Writer: Amanda Williams | For the last couple of years, I’ve heard my mother talk about her friend Mindy. Mindy and my mother have a lot in common. They are both empty nesters. They both enjoy reading (especially Outlander books) and they both have cute giggles. I haven’t met Mindy in person but I can tell by the way my mother talks about her, that she is a good friend to her. One-day last week, I was scrolling through my Facebook page and I noticed that my mother had commented on the picture of one of my best friends from high school and her mother. “You both look beautiful” she said. WHAT? I thought to myself, “How does my mom know my friend, Alice?” And then it dawned on me, that her friend Mindy was the mother of my friend Alice. So I called my mom that morning to tell her, she had more in common with Mindy than she thought.
Alice and I were really good friends in High School, so much so that I would consider her one of the most influential people in my life. (How my mom never knew that, I’ll chalk up to adolescents and wrangling 3 kids) The Alice I knew was beautiful, funny, popular and curvy. I remember meeting her in 6th period choir class; I had seen her in the hall and wanted very badly to be her friend. She projected this subtle air of fearlessness and self-reliance. To my adolescent insecurities, her confidence was contagious. She seemed to defy all high school stereotypes. Beautiful but curvy. Funny but curvy. Popular but curvy. These were quite formative years for me, and until I met Alice I was convinced the worst thing you could be was – CURVY. But this, this was a girl that seemed to prove me wrong. While I sat at home journaling about my high school crushes, she was out partying with them. While I was convinced I had to starve myself to be accepted, Alice’s acceptance seemed to come without clause. With each of our interactions, my personal insight grew.
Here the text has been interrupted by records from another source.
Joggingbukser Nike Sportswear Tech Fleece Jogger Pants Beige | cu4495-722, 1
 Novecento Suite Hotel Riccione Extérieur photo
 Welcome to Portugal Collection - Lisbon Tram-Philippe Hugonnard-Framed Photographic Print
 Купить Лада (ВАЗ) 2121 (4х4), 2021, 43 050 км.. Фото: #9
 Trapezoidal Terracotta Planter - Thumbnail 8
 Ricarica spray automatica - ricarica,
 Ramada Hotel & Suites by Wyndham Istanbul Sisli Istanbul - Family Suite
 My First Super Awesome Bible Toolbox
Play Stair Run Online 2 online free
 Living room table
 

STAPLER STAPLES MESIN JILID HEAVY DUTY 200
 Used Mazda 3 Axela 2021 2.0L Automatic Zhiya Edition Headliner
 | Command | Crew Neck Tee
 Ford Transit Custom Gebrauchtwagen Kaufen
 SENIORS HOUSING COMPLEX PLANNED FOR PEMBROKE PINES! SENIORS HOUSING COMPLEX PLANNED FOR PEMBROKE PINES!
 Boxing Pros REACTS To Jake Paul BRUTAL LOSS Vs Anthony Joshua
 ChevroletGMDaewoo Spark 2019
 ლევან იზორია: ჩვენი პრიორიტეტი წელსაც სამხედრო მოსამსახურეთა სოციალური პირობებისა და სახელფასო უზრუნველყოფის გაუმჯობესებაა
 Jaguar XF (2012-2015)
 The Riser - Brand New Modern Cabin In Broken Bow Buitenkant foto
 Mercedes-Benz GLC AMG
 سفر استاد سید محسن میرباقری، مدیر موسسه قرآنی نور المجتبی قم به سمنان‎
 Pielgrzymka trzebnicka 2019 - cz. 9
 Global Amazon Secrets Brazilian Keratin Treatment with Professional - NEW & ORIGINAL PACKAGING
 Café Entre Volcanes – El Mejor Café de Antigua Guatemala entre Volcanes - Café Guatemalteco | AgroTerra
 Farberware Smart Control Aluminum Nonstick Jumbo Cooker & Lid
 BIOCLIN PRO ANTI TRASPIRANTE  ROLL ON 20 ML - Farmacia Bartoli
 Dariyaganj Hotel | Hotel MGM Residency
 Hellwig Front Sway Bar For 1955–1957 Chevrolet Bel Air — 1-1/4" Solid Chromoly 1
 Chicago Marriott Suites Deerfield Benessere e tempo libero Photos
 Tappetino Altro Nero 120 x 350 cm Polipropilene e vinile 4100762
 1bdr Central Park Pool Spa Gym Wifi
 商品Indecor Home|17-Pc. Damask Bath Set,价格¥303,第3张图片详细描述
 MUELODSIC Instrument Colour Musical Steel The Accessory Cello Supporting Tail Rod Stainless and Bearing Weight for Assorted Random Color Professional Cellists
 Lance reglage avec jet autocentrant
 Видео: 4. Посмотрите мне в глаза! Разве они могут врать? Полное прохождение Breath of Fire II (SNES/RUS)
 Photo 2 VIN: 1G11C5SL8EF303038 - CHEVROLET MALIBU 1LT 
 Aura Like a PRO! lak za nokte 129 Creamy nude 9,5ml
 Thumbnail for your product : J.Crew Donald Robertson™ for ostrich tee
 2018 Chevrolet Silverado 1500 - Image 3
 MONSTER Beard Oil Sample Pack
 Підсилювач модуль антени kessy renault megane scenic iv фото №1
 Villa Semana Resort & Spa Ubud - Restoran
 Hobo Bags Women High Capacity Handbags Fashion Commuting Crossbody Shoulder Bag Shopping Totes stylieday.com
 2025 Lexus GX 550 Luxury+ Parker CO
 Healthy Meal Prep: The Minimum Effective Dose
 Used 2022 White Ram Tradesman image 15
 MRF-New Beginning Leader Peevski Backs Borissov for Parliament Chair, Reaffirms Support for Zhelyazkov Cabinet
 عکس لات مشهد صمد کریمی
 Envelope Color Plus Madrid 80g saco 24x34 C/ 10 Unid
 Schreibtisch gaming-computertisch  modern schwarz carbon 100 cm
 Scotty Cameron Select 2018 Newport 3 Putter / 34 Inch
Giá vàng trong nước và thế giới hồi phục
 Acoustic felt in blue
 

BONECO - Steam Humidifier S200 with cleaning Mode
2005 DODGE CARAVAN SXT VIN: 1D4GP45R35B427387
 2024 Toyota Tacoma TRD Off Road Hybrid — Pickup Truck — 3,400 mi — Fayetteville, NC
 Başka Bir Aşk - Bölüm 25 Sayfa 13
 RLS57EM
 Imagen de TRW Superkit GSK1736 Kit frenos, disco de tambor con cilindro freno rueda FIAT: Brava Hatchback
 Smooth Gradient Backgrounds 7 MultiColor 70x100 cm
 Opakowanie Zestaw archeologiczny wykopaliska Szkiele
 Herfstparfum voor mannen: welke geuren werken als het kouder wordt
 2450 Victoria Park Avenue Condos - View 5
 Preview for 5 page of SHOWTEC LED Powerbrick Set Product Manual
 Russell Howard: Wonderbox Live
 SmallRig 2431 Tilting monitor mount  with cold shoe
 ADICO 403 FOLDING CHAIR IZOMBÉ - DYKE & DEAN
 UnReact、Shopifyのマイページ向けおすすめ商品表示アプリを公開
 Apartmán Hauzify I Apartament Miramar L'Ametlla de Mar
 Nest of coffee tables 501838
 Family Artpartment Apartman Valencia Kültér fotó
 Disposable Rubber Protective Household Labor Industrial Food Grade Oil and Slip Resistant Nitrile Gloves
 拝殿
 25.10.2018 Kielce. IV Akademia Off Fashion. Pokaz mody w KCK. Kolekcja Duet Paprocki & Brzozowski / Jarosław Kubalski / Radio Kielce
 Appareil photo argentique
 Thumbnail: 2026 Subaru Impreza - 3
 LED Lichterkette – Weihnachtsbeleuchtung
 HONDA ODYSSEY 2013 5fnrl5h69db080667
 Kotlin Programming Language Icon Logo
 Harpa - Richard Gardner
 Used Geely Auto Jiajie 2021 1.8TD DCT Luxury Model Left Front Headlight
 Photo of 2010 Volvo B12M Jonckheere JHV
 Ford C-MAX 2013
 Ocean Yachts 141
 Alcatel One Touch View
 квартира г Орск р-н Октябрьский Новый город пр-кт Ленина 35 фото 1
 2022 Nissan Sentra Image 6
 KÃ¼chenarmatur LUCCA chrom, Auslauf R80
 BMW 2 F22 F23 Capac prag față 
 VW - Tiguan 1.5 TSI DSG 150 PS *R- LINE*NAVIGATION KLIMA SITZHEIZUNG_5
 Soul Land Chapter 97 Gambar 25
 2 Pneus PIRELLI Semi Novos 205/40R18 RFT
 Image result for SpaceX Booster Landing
Alice and I had a lot in common, only a year apart, she showed me how to live an unapologetic life in my imperfect body. And she did it so naturally, without preach. In fact, I bet if she were to read this today, she would be shocked by how important she was to my life. But how could I forget a person like her? How could I forget the lessons she taught me? She gifted me, my most prized possession: self-confidence. And it dawned upon me that, not everyone is blessed with an interaction like this, at such a young age. This friendship really helped mold me into the person I am today. I hope that every little girl finds their “Alice” (or becomes her), a girl who can show them that you don’t have to be perfect to be loved. That life is too short to get hung-up on the uncontrollable. That fun and happiness have no size. We’ve lost touch through the years but that will not decrease the clout of her significance. Without knowing it, she was my first body positive role model. And I suddenly understand why my mother is her mother’s biggest fan.